══ Data block
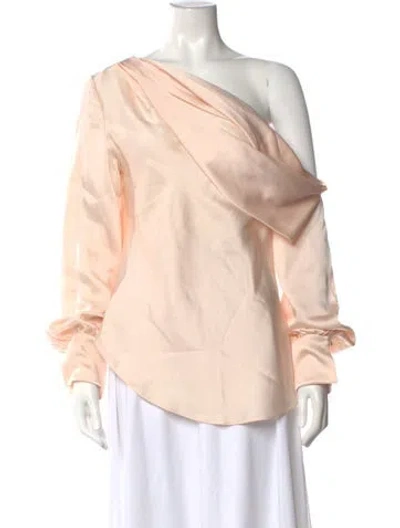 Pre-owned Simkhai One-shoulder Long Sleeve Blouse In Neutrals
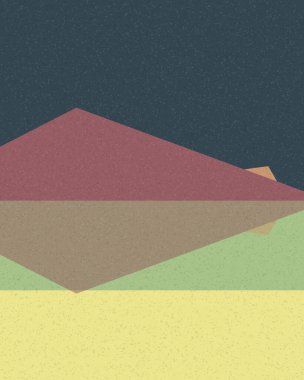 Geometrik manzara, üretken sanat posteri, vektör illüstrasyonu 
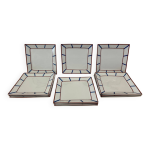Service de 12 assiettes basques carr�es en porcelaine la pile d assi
════
Your instructions:
Beginning with the line that holds "Geometrik manzara, üretken", extract every line to the end of the material, exactly as it stands, and drop the pictures.

Reply to the task:
 Geometrik manzara, üretken sanat posteri, vektör illüstrasyonu 
Service de 12 assiettes basques carr�es en porcelaine la pile d assi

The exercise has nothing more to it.